◆ Work to be completed
For the material below, the expected output is exactly the lines between the line holding "Cioccolatini fondenti 83%" and the line holding "Parasol - zilver/wit", inclusive, with pictures left out.
*** Record extracts Section Begins ***
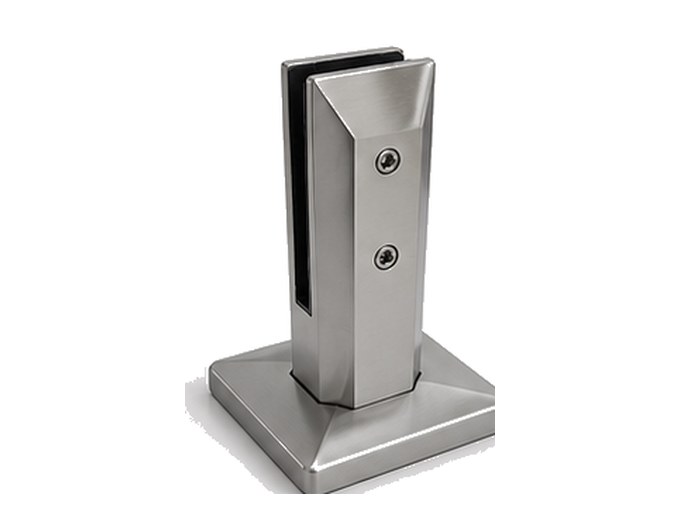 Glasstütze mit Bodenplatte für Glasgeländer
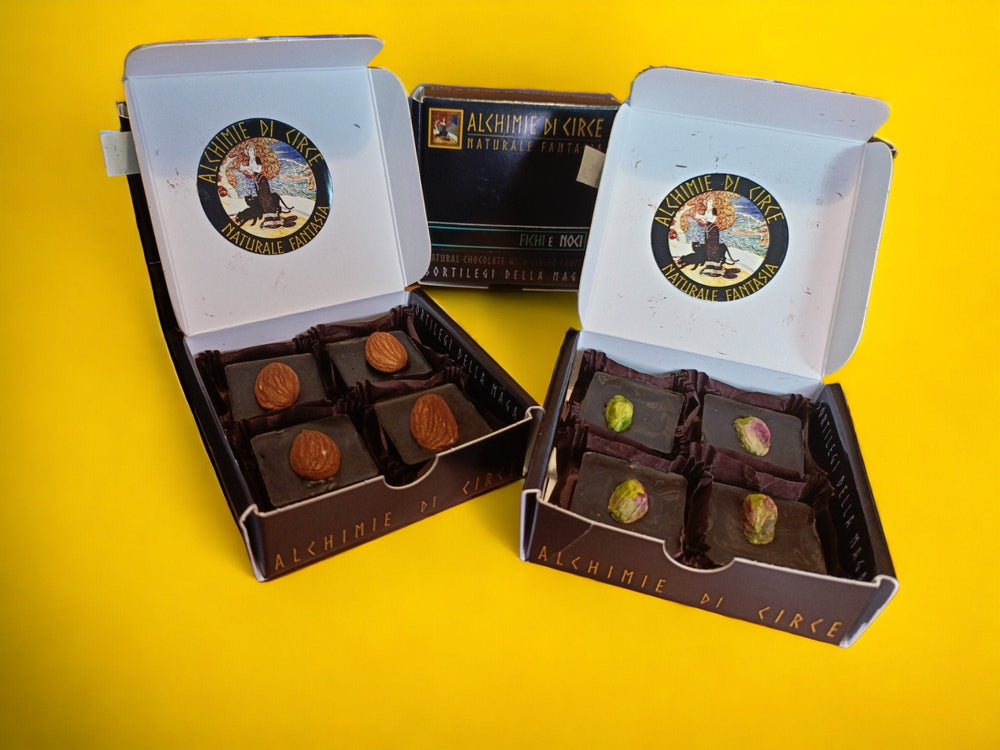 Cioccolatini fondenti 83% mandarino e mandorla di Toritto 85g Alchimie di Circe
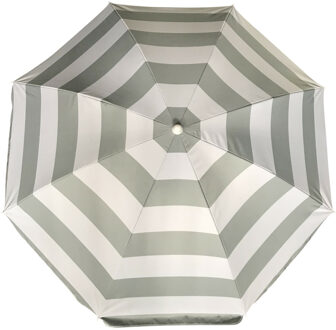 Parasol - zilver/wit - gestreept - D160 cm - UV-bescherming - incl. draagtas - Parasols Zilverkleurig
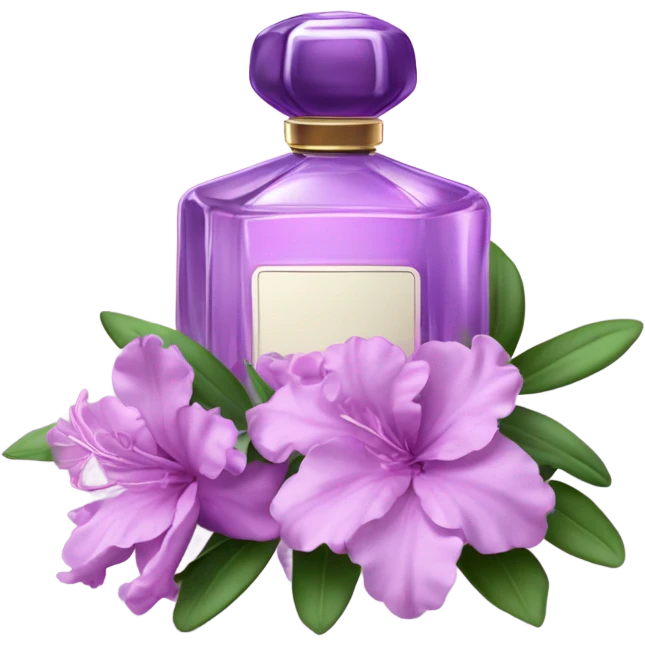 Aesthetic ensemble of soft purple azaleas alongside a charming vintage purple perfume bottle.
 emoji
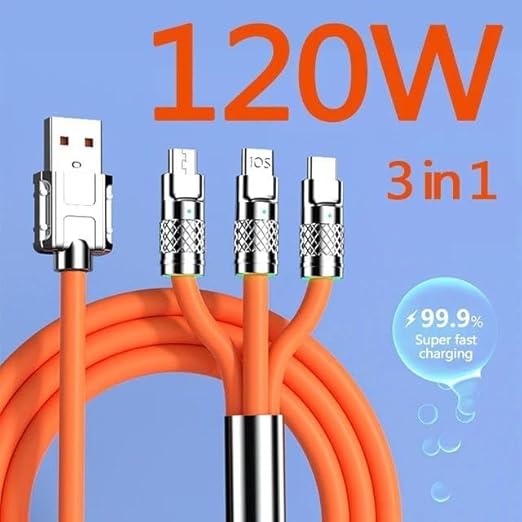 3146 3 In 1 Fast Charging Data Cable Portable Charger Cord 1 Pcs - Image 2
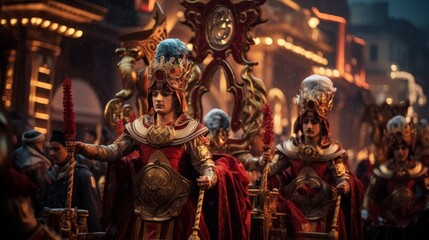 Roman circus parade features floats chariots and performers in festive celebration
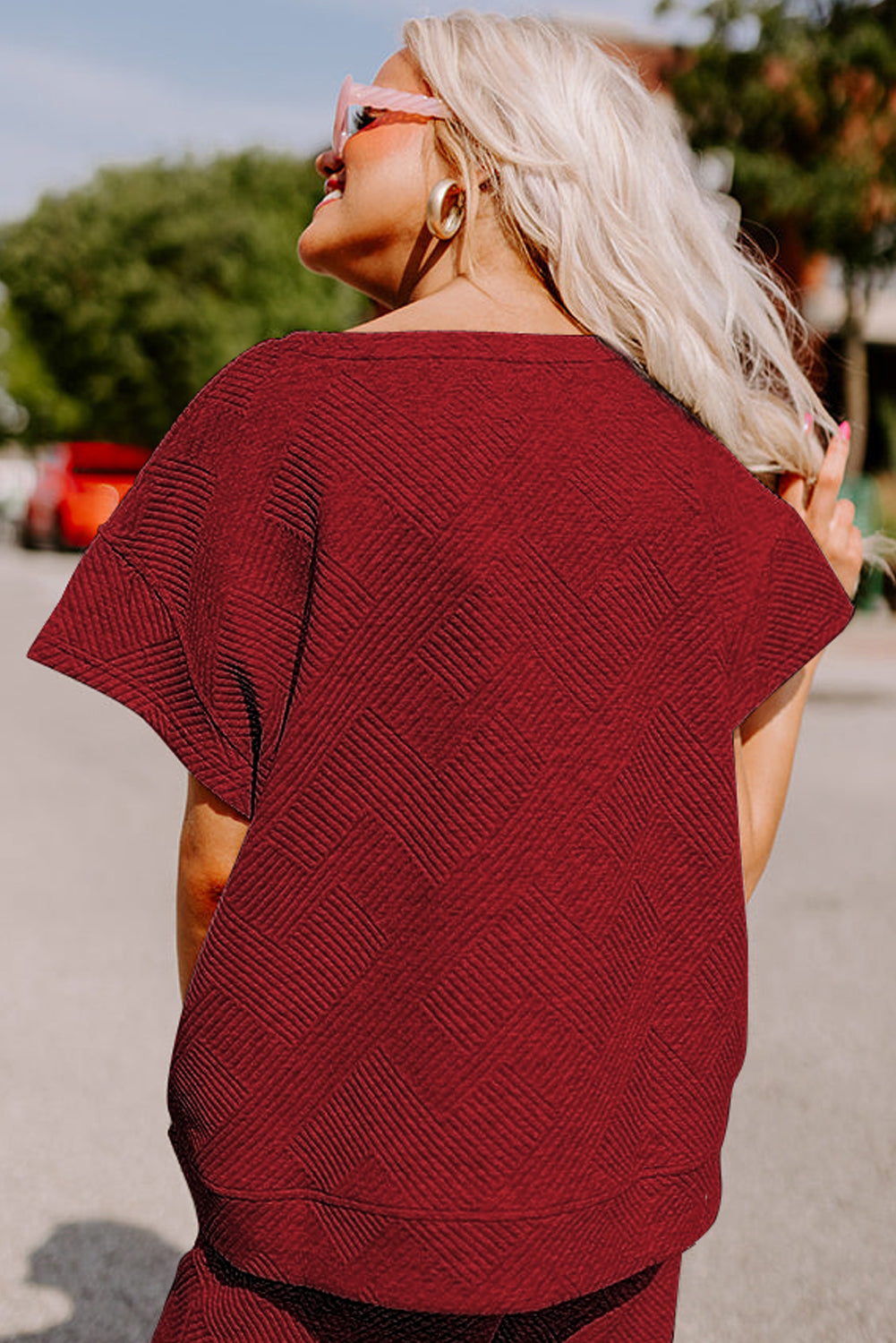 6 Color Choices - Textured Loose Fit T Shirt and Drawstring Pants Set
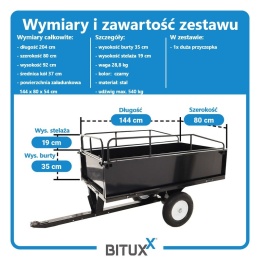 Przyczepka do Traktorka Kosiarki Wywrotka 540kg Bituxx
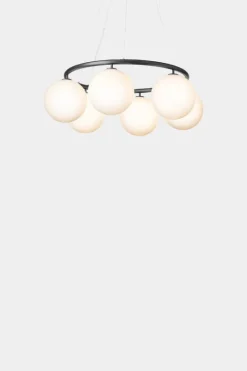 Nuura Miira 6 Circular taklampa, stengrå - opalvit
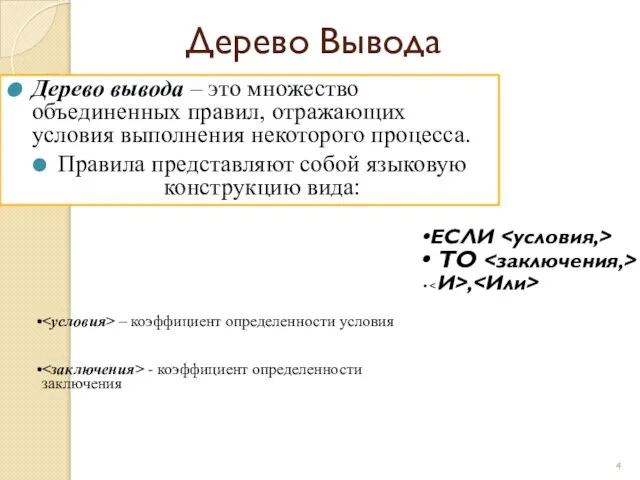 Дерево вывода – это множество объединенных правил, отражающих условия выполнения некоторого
*** Record extracts Section Ends ***
*** Record extracts Section Begins ***
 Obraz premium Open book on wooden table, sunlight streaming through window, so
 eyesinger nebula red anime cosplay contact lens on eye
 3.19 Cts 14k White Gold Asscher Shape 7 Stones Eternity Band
*** Record extracts Section Ends ***
◆ Task response
 Cioccolatini fondenti 83% mandarino e mandorla di Toritto 85g Alchimie di Circe
 Parasol - zilver/wit - gestreept - D160 cm - UV-bescherming - incl. draagtas - Parasols Zilverkleurig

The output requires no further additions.